Rodrigo Duterte has launched a scathing attack on a Filipino politician, currently serving as a Senator of the Philippines, Dick Gordon, who questioned the "dangerous" appointment of some ex-military and police officers to senior government positions, the Manila Standard reported.
During his speech to the country's Bureau of Fire Protection on Thursday, the Philippine president mocked Gordon's weight, saying that he's "a fart away from disaster", and called the senator a "smart ass" who "walks like a penguin".
"My brain stays in my head. Your brain, Dick, is melting and goes to your stomach. You are a fart away from disaster. You are just a fart away. Your body cannot fit in an ambulance. Place him in your fire trucks", Duterte said.
Local media also suggest that Gordon remarked that Duterte "comes from the province" and does not know enough people in Manila, the country's capital, who could take the government posts.
"The only problem with the president, his bench is shallow. He comes from the province, he doesn't know people, so he relies on the military", Gordon said earlier this week.
The president, for his part, hit back by saying that it is his right to make those appointments and made sarcastic comments about Gordon's own heritage; the senator's father was a half-Jewish American.

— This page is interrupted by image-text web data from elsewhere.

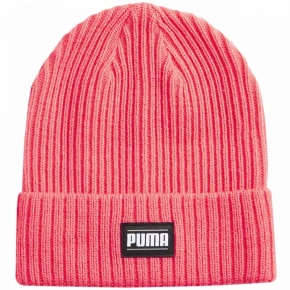 Čiapka Puma Ribbed Classic Cuff Beanie W 024038 08
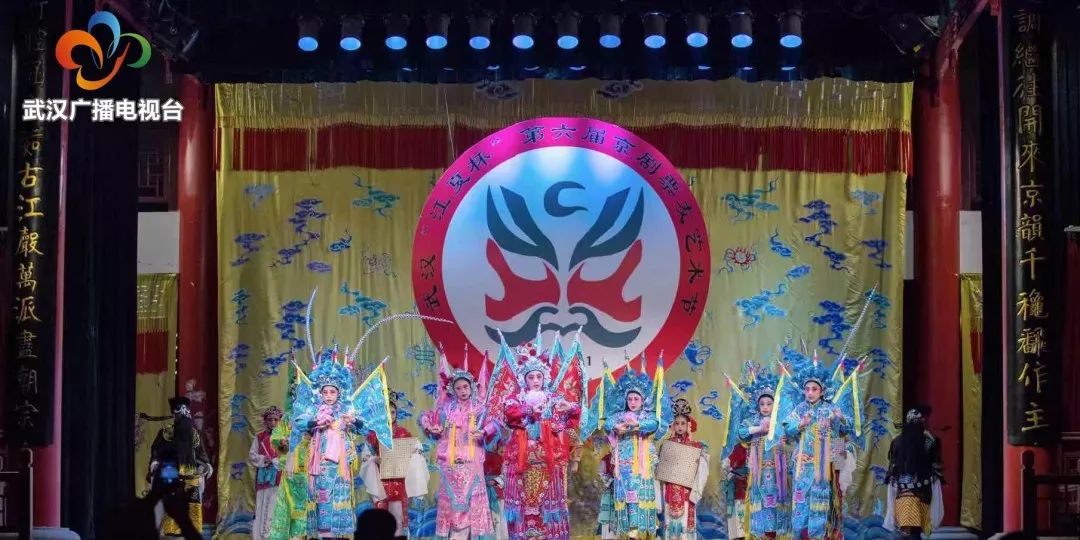 京剧国粹好戏连台,武汉好戏连台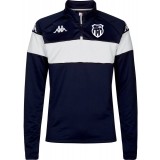 UD Mairena del Aljarafe de Fútbol KAPPA SUDADERA CHNDAL UDM01-38111ZW-A06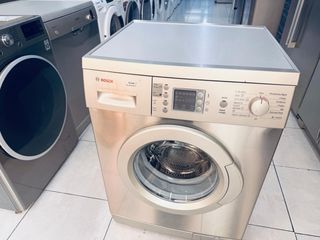 Lavadora Bosch 7kg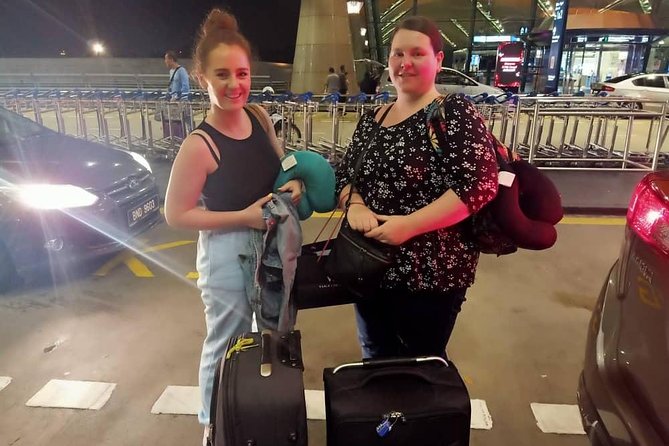 Kuala Lumpur International Airport To Kuala Lumpur City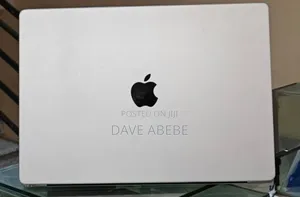 New Laptop Apple MacBook Pro M1 32GB Apple M1 Pro SSD 512GB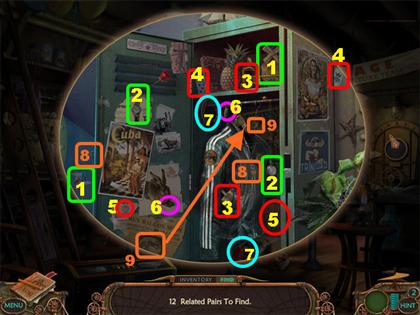 Hidden Expedition: Devil’s Triangle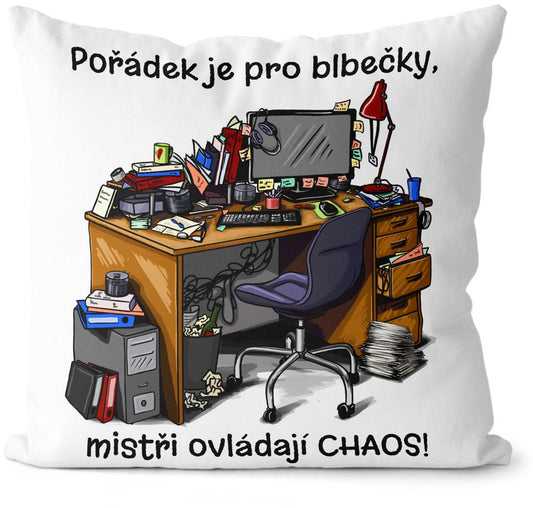 Impar Pořádek je pro blbečky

According to Coconuts Manila, at one point, Duterte claimed that senator is the highest position Gordon would ever be able to reach.
Gordon, meanwhile, has shared an extensive post on his Facebook page to say that he's not offended by Duterte's comments and still considers him a friend.
"I am happy that the President is concerned about my waistline, but he need not worry about that. My wife has seen to it that I have reduced it significantly of late. But I appreciate that he is concerned about my health as I am about his", he wrote.
Duterte is well known for his crude remarks: the Filipino president once ordered to shoot female rebels in their vaginas to render them "useless" and called former US President Barack Obama a "son of a wh*re" ahead of a regional summit in Laos in September 2016.